Monthly Archives: May 2013

2nd In The Series – DETERMINATION

I find it difficult to concentrate enough this week to write about an emotion for the blog. The blog is supposed to examine emotions, one emotion at a time. I could discuss sadness, as I feel that very deeply this week after losing a dear friend to lupus last week. I could discuss anger, but that’s been done. I won’t discuss fear. That is one emotion I rarely experience with regards to lupus. That brings me to the fighter in me. What emotion would you associate with a fighter? The one I think of is determined.

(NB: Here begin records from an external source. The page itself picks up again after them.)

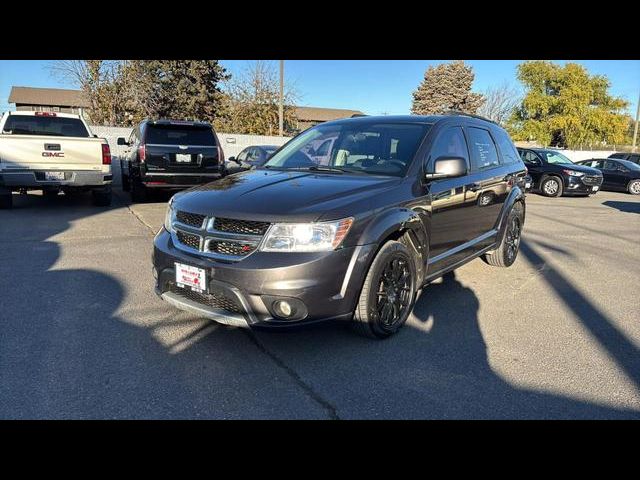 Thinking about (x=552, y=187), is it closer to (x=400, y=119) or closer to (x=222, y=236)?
(x=400, y=119)

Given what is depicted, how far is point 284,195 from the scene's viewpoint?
3.27 metres

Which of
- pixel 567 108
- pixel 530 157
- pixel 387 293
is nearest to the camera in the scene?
pixel 387 293

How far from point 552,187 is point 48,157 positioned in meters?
15.8

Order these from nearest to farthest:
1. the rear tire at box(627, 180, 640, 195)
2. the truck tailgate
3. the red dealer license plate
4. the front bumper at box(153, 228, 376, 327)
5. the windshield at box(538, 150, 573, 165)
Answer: the front bumper at box(153, 228, 376, 327), the red dealer license plate, the truck tailgate, the windshield at box(538, 150, 573, 165), the rear tire at box(627, 180, 640, 195)

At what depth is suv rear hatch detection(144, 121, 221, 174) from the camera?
979cm

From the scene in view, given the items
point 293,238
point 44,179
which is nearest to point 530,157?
point 44,179

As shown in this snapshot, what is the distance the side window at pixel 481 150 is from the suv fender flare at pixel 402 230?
135 cm

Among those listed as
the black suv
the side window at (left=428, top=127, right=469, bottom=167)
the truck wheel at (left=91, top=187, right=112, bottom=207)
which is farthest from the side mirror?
the truck wheel at (left=91, top=187, right=112, bottom=207)

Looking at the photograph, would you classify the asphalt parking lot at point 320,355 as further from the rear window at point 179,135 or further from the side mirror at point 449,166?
the rear window at point 179,135

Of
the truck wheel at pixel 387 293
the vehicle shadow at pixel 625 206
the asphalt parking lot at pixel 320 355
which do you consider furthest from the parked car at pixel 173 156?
the vehicle shadow at pixel 625 206

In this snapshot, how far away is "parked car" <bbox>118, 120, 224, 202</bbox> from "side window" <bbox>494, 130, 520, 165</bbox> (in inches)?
255

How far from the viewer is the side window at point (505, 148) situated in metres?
5.60

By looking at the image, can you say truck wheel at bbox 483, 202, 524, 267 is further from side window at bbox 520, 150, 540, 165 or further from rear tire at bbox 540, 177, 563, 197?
side window at bbox 520, 150, 540, 165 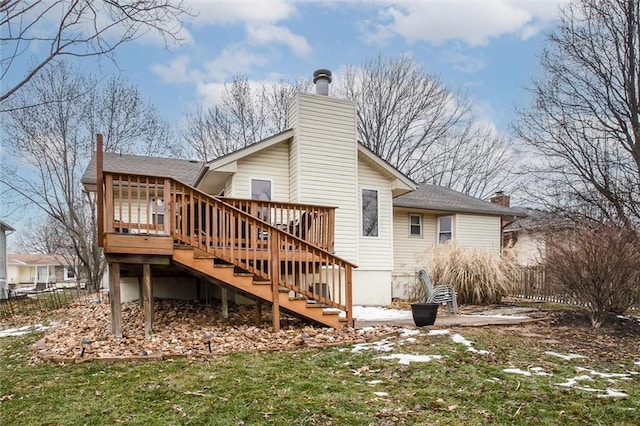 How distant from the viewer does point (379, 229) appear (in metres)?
12.1

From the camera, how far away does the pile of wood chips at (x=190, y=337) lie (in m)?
5.77

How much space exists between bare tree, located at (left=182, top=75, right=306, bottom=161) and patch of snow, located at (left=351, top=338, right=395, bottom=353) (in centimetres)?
1920

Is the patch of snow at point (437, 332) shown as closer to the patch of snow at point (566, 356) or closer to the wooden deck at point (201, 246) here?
the wooden deck at point (201, 246)

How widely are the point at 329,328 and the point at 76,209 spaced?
59.7ft

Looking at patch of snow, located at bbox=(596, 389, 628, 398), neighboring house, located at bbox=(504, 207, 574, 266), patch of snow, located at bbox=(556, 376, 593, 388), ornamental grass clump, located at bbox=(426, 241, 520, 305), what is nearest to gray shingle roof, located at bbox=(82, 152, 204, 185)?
ornamental grass clump, located at bbox=(426, 241, 520, 305)

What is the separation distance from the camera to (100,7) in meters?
4.37

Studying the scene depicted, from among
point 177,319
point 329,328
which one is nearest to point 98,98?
point 177,319

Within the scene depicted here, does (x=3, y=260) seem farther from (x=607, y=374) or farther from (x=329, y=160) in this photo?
(x=607, y=374)

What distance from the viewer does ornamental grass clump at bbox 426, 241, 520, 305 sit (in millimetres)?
11531

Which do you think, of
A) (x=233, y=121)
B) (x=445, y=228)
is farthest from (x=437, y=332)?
(x=233, y=121)

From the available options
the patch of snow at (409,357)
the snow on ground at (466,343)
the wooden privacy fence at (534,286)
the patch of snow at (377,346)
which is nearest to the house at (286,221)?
the patch of snow at (377,346)

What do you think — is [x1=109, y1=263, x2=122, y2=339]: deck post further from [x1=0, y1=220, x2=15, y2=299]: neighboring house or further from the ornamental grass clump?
[x1=0, y1=220, x2=15, y2=299]: neighboring house

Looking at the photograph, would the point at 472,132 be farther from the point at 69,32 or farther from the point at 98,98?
the point at 69,32

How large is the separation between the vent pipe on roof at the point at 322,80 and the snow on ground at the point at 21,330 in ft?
27.9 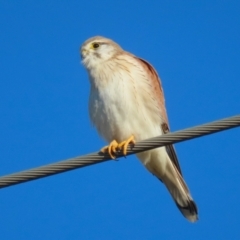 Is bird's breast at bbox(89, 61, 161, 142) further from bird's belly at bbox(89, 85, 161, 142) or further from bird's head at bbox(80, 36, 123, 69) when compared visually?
bird's head at bbox(80, 36, 123, 69)

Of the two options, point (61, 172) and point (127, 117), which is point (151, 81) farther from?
point (61, 172)

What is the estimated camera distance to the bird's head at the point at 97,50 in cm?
544

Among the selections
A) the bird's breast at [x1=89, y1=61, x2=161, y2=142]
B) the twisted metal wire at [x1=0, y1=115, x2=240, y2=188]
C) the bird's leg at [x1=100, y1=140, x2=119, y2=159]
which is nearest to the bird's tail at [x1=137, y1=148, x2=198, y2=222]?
the bird's breast at [x1=89, y1=61, x2=161, y2=142]

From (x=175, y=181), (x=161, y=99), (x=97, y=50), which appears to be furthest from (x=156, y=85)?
(x=175, y=181)

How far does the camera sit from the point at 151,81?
5215 mm

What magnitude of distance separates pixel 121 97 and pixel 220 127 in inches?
73.7

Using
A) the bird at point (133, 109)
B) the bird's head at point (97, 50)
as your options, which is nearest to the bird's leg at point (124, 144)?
the bird at point (133, 109)

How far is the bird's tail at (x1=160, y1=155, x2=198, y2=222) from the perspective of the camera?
520 centimetres

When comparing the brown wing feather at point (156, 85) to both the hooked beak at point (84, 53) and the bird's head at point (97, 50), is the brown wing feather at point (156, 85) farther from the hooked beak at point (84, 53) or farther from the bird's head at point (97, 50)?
the hooked beak at point (84, 53)

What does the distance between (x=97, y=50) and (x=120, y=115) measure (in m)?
0.95

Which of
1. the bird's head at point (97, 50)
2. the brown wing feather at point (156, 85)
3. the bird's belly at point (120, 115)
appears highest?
the bird's head at point (97, 50)

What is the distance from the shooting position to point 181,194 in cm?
522

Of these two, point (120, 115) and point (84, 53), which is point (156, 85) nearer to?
point (120, 115)

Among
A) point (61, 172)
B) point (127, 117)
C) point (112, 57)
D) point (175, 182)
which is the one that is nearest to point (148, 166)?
point (175, 182) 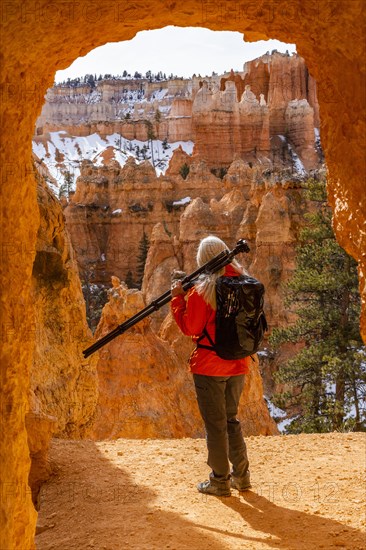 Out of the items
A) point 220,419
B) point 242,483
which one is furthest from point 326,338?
point 220,419

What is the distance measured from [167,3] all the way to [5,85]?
2.49 feet

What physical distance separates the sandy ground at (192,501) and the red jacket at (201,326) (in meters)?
0.86

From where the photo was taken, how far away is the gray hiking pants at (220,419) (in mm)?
3908

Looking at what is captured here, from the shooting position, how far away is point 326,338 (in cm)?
1245

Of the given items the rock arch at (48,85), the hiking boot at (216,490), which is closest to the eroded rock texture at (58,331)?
the hiking boot at (216,490)

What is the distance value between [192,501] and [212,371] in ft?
2.91

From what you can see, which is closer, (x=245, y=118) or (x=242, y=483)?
(x=242, y=483)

You may not think that determination is an emotion, but stop for a minute and think. If you have ever been so determined to do something, or complete something, or change something, did you feel it? Did this feeling give you drive, and courage, and strength you didn’t know you had? That’s what determination can do.

Determination

Determination

I’ve had lupus friends who were so determined to do certain things, they made them happen. Things that could never happen without determination. I can remember one terrible flare that put in bed for far longer than I could take. I was determined to get out of bed and get my life back. I began by simply getting out of my bed and moving to the couch in the living room. I did that for a couple days then began doing the same thing but sitting up for a couple hours. Day by day I increased the time I was sitting. Eventually I returned to the office, 2 hours a day at first. I did that for a week then added 1 more hour each week until I was back to working my normal hours. Some might say I would have gotten better anyway. Perhaps. But I think the determination I have made it happen sooner for me, and that’s what I needed. I needed to get better and feel like I still have some control of my life. Determination gave that back to me.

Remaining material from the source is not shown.